Source: Yahoo! Finance.

In addition to missing earnings estimates, the company has also experienced shrinking profitability compared with the previous year. This drop comes despite double-digit yer-over-year growth in total revenue, and it's being caused by increased food and labor costs (overall expenses rose almost 22% year-over year, food costs rose 25% year-over-year, and labor rose 22% year-over-year), as well as expenses incurred from the transition of those 54 restaurants from franchisees to ones that are company-owned and -operated. These costs were slightly offset by positive same-store sales growth for company-owned restaurants of 7% in the first quarter, 4.2% in the second quarter, and 3.9% in the third quarter.

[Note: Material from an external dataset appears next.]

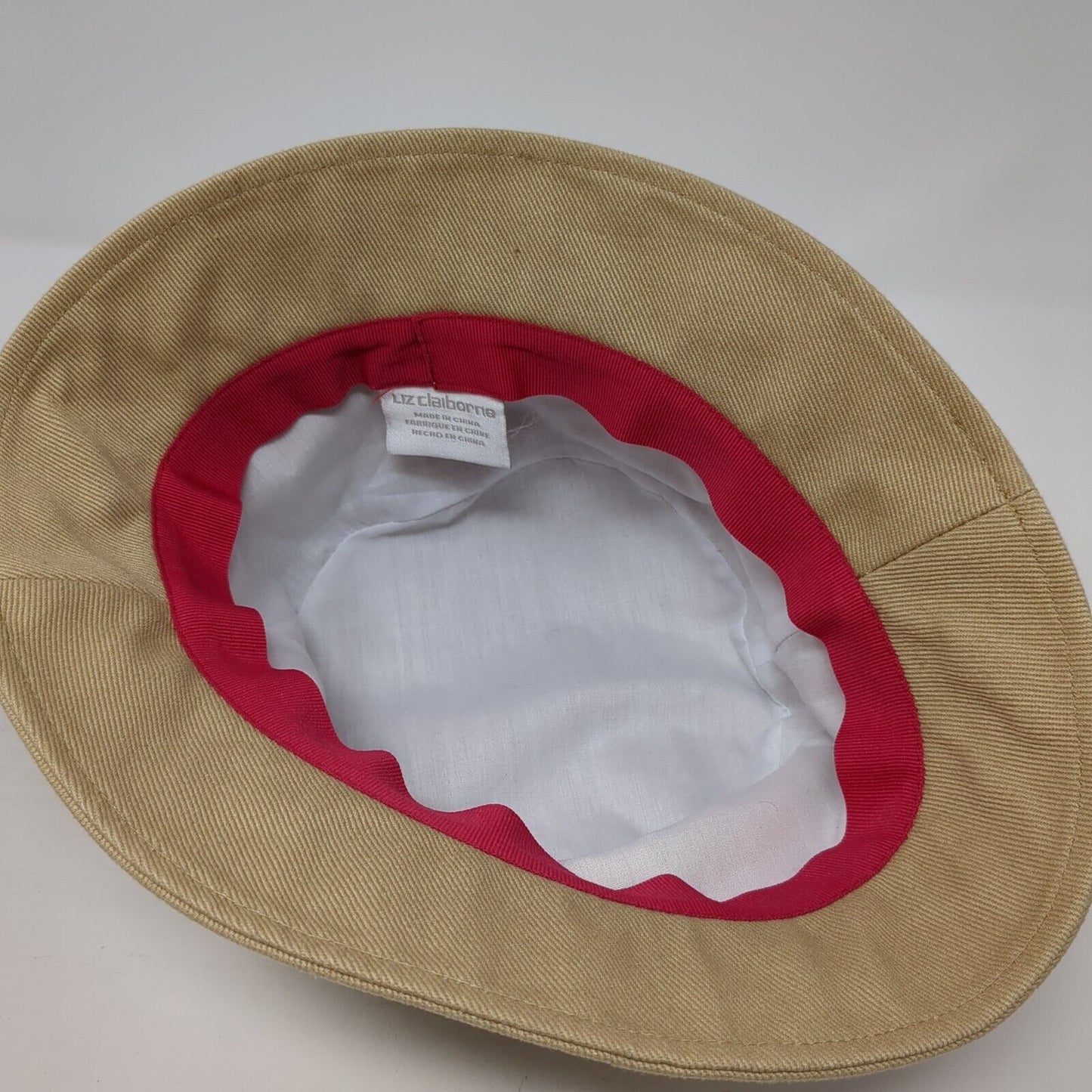 Liz Claiborne Bucket Hat Tan One Size Leather Strap Solid Outdoor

Despite the disappointing run, the company still expects to turn in a solid fourth quarter, and analysts expect a year-over-year increase of about 39%. If that expectation is met, that mark would increase total 2015 profit about 4% over 2014.

2016 growth expectations
CEO Sally Smith reiterated on Oct. 28 that the company still expects 2016 net earnings growth to exceed 20%. The strategy includes opening 50 new company-owned locations (8%) growth, 30 new domestic franchise-operated locations, and 15 new international franchise-operated locations. Smith also said the small R Taco and Pizza Rev chains will explore expansion opportunities in the coming year.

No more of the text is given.